Do body weight calorie intake, fat intake, and age have an influence on heart attacks (yes vs. no)?

The major assumptions are:

That the outcome must be discrete as, the dependent variable should be dichotomous in nature (e.g., presence vs. absent).
You should assess the data for outliers by converting the continuous predictors to standardized, or z scores, and remove values below -3.29 or greater than 3.29.

Assumptions and Estimation in Binary Logistic Regression

There should be no high intercorrelations (multicollinearity) among the predictors.  This can be assessed by a correlation matrix among the predictors. Tabachnick and Fidell (2012) suggest that as long correlation coefficients among independent variables are less than 0.90 the assumption is met.

You can handle categorical outcome variables with more than two categories using special forms of logistic regression. Outcome variables with three or more categories which are not ordered. It can be examined using multinomial logistic regression, while ordered outcome variables can be examined using various forms of ordinal logistic regression. These techniques require a number of additional assumptions and tests, so we will focus now strictly on binary logistic regression.

Estimation of Binary Logistic Regression Using Maximum Likelihood Estimation (MLE)

Estimation of binary logistic regression using Maximum Likelihood Estimation (MLE), unlike linear regression, which uses the Ordinary Least Squares (OLS) approach. MLE is an iterative procedure. Which means its starts with a guess as to the best weight for each predictor variable (that is, each coefficient in the model) and then adjusts these coefficients repeatedly until there is no additional improvement in the ability to predict the value of the outcome variable (either 0 or 1) for each case. While OLS regression can be visualized as the process of finding the line which best fits the data, logistic regression is more similar to crosstabulation given that the outcome is categorical and the test statistic utilized is the Chi Square

How is logistic regression run in SPSS and how is the output interpreted?
In SPSS, binary logistic regression is located on the Analyze drop list, under theRegression menu. The outcome variable, which must be coded as 0 and 1, is placed in the first box labeled Dependent. All predictors are entered into the Covariates box, and categorical variables should be appropriately dummy coded. SPSS predicts the value labeled 1 by default, so careful attention should be paid to the coding of the outcome (usually it makes more sense to examine the presence of a characteristic or “success”).

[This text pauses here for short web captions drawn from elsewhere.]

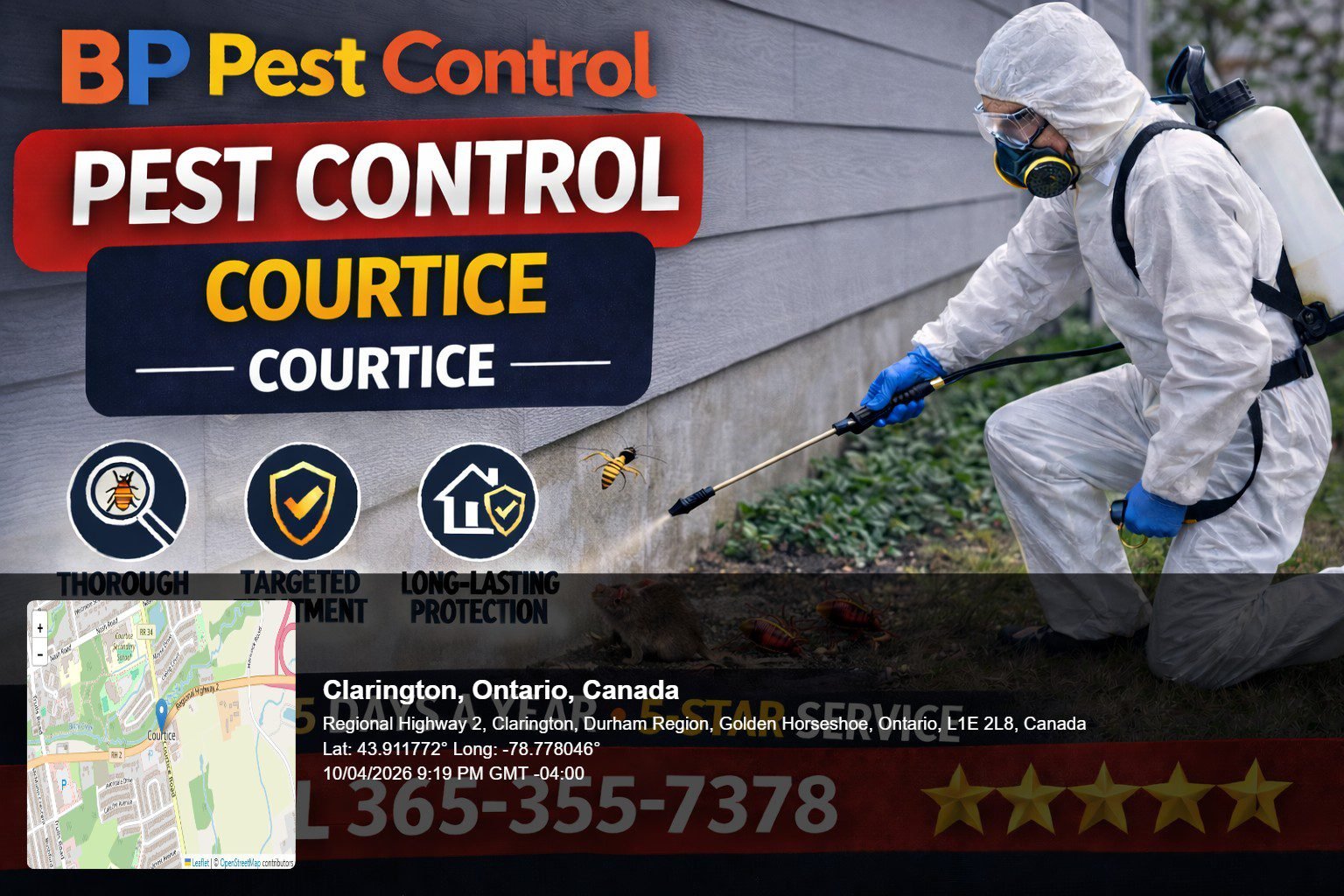 pest control near me Courtice technician spraying home exterior with rodent and insects visible near foundation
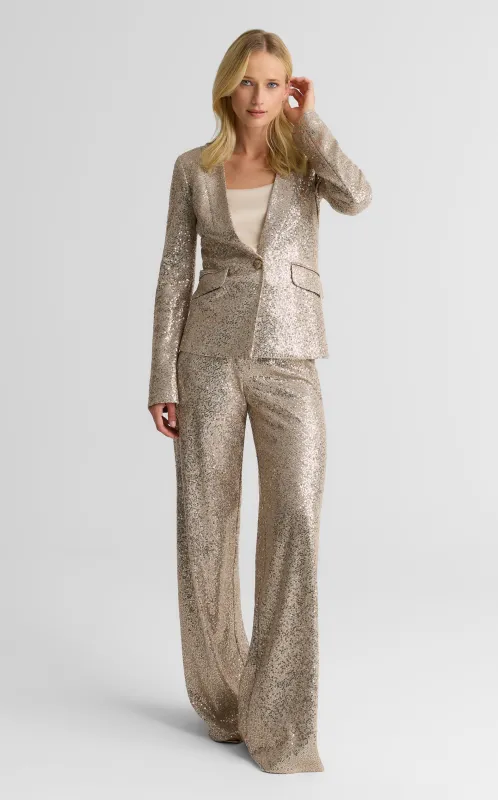Elvie Collarless Jacket In Soft Tailored Sequin made by St. John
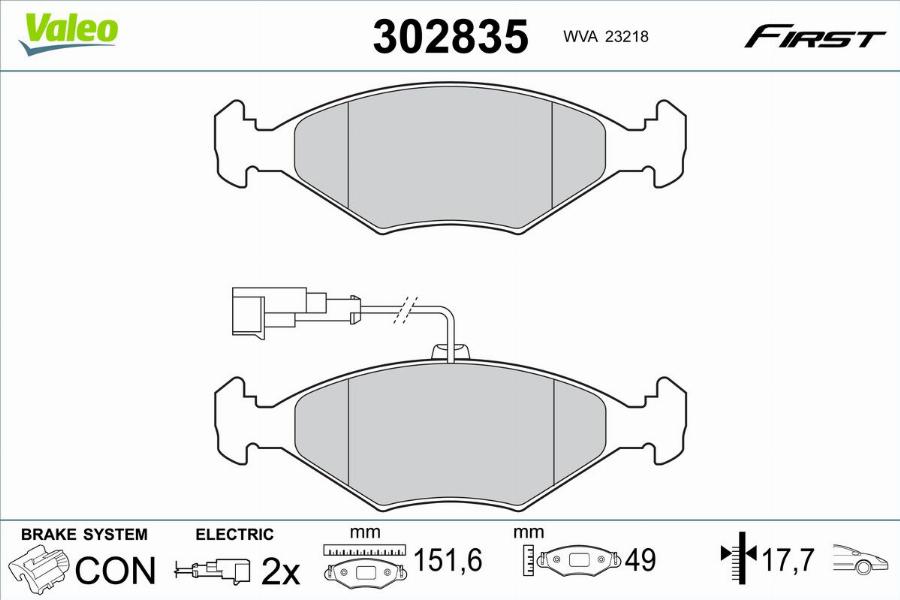 Valeo 302835 - Komplet Pločica, disk-kočnica www.molydon.hr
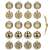 Set of 20 gold Christmas tree baubles, 6 cm, Springos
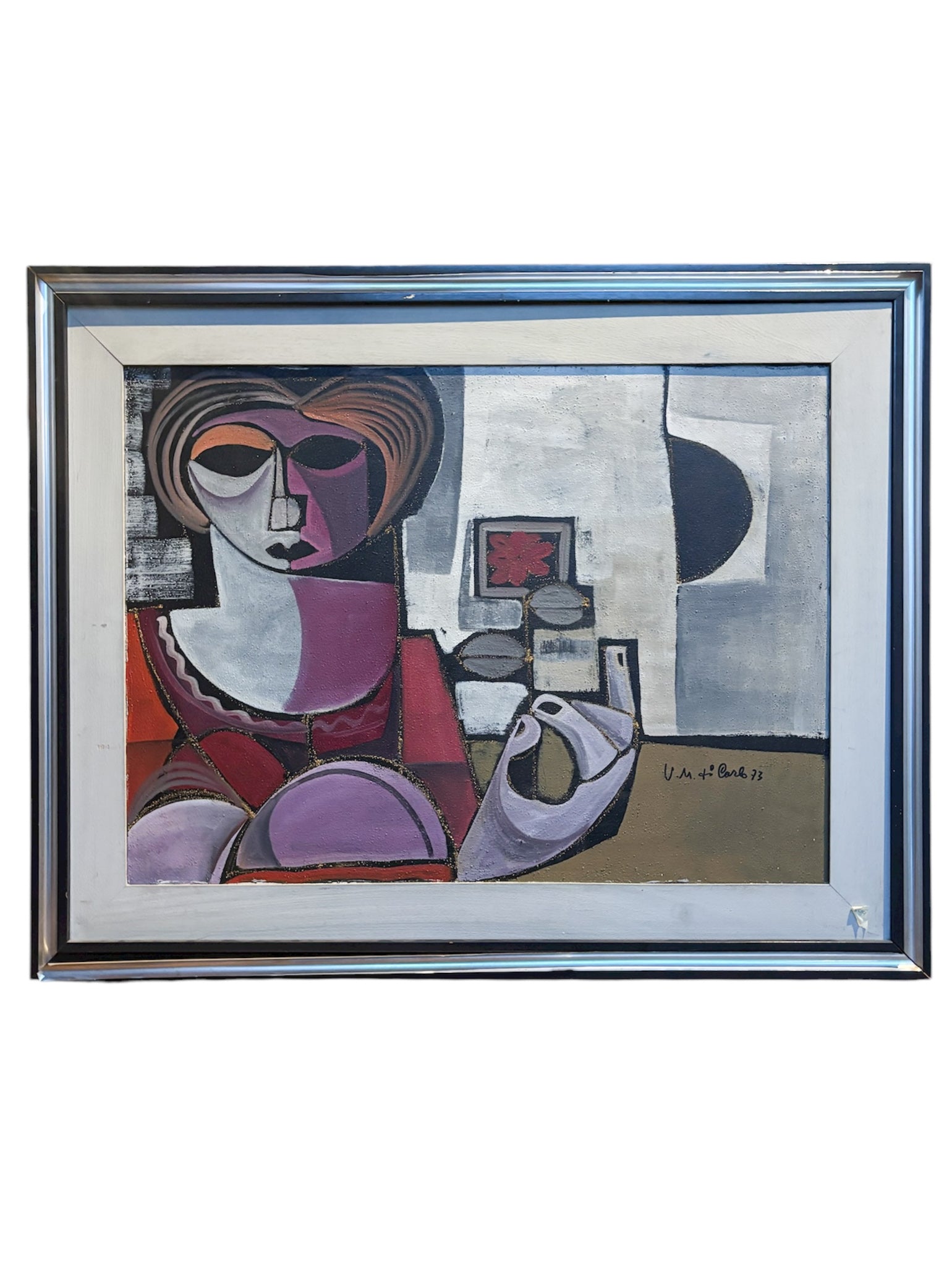 Dipinto 'Il Fiore Rosso', Vernice su Sabbia, di Vittorio Maria Di Carlo del 1973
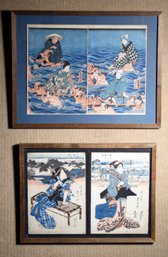 Two Framed Antique Japanese Woodcut Diptychs (CTF20)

SPSS produces lots of output for logistic regression, but below we focus on the most important panel of coefficients to determine the direction, magnitude, and significance of each predictor.

For example, let’s examine a study that investigates whether individuals have been tested for HIV. Looking first at Age as a predictor, we see that the value in the column labeled B (also known as the logit, the logit coefficient, the logistic regression coefficient, or the parameter estimate) is -.035. This indicates that the association between age and testing is negative; that is, as age increases, testing for HIV decreases. Much like in OLS regression, a logit of 0 indicates no relationship. A positive logit increases the logged odds of success, while a negative logit decreases the logged odds of success.

But what is the magnitude of this effect? Technically we could say that for every additional year of age, the odds of having been tested for HIV decrease by a factor of .035. This is not very intuitive, however, as we don’t generally have a strong sense of what odds are. In fact, it is much more common to look to the last column of this table, labeled Exp(B). This is the Odds Ratio, and you can interpret it as the change in the odds of success.. It is important to note that Odds Ratios (ORs) are relative to 1, meaning that an OR of 1 indicates no relationship while an OR greater than 1 indicates a positive relationship and an OR less than 1 a negative relationship. For most people ORs are most intuitively interpreted by converting to percent changes in the odds of success. This is simply done:

(Odds Ratio – 1) * 100 = percent change

So here we could say that each additional year of age reduces the odds of having been tested for HIV by 3.5%.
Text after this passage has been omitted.